Agora vamos à parte que me deu um medo extra nisso tudo.
Marquei, fui atendido, fiz os exames. Surpresa: eu não tinha nada. Meu exame não acusou nada. Não mostrava a causa da crise renal anterior, não mostrava a pedra no rim. Não mostrou nenhum problema “pós”. Os exames diziam que meu rim estava funcionando perfeitamente há muitos anos, sem qualquer sinal mínimo de problema.
O-QUE-DIABOS-ACONTECEU?
Pois é, o médico brasileiro não soube explicar. Ainda assim, reconheceu que meus sintomas nos EUA eram compatíveis com crises renais e que o tratamento também foi. O problema existiu, estava documentado, mas era como se não tivesse existido para o meu corpo. Ele também achou tudo bem estranho, mas apenas me receitou uma dieta para me manter saudável, deu recomendações de boas práticas de hidratação e seguiu a vida.
Nunca tive crise renal antes na vida, nunca mais voltei a ter, mesmo anos após o acontecido.
Então é assombrado mesmo?
Como eu disse, não sou a pessoa mais supersticiosa do mundo. Na verdade, eu acho até que não deveria escrever um texto desses. Como jornalista, preciso sempre me ater a fatos, a comprovações. Mas vamos lá, tratar isso aqui como uma crônica, um entretenimento. Não leve tão a sério, a não ser que você queira muito acreditar em tudo o que aconteceu.
Porém, o que eu garanto é que, tudo que contei, aconteceu.
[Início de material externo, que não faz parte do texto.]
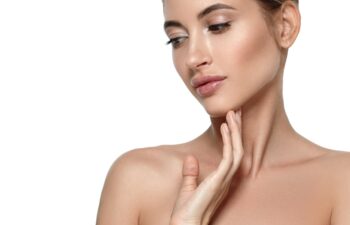 Beautiful woman face with make up and beauty healthy skin and hair portrait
Este texto é fruto de uma promessa que fiz no Twitter, neste post aqui, após me deparar com mais uma publicação envolvendo o caso da Elisa Lam no Hotel Cecil. Essa história também foi contada de forma breve pelo Felipe Neto, em um vídeo que escrevi para ele em 2018, já como parte da equipe. O vídeo é esse aqui.
Já o Cecil, hoje, eu acho que está fechado. A última notícia que tive dele foi que, em 2017, ele havia sido fechado para uma extensa reforma. Tanto que no ano seguinte eu cheguei a cogitar me hospedar lá de novo (eu gosto de viver perigosamente), mas me deparei com a indisponibilidade. Não tenho certeza se voltou a funcionar, mas alguns sites listam vagas disponíveis neste momento.
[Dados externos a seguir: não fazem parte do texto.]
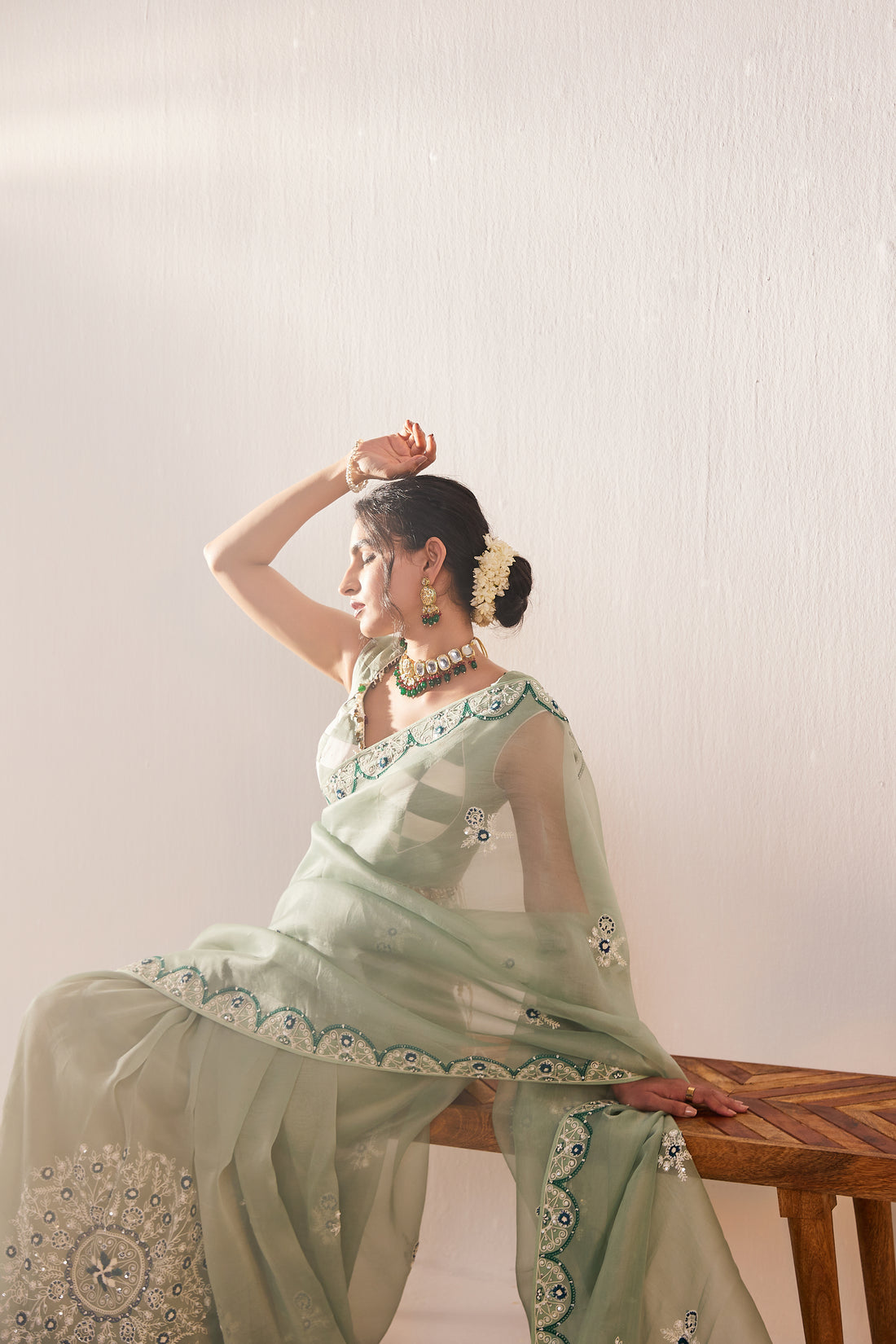 Reshami Raat marine green  Saree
Os donos e funcionários do Cecil conhecem bem essas histórias de terror e crimes que rondam o hotel. Tanto que ele mudou de nome em 2011, dois anos antes do caso de Elisa Lam, sendo chamado de Stay on Main, para tentar afastar um pouco a fama de assombrado, que já existia naquela época.
Ah, para quem não sabe também, foi este hotel que inspirou a quinta temporada de American Horror Story, chamada de Hotel, lançada entre 2015 e 2016. A inspiração é confirmada pelos produtores, conforme descrito na página da Wikipédia da temporada. Se quiser assistir, tem no Prime Video.
Mas, apesar de tudo, essa viagem para Los Angeles em 2016 foi uma das melhores. O hotel ficava em um local bom da cidade. Logo na frente tinha o LA Café, um dos melhores locais para tomar café da manhã que já fui na vida. E depois do evento eu e minha ainda fomos passear em Hollywood, o que foi bem bacana.
Curiosamente, apesar das dores, essa não foi minha pior E3. Ela aconteceu no ano seguinte, quando tive uma série de trabalhos combinados cortados pela redação durante a viagem. Pois é, após ter pago tudo do bolso, como sempre, e tendo um enorme prejuízo por não conseguir recuperar nem metade do valor. Foi bem tenso. O verdadeiro terror é ficar sem dinheiro.
Este texto fica por aqui. Talvez eu veja o documentário da Netflix sobre Elisa Lam, talvez não. Só de escrever essas lembranças eu sinto um leve frio na espinha.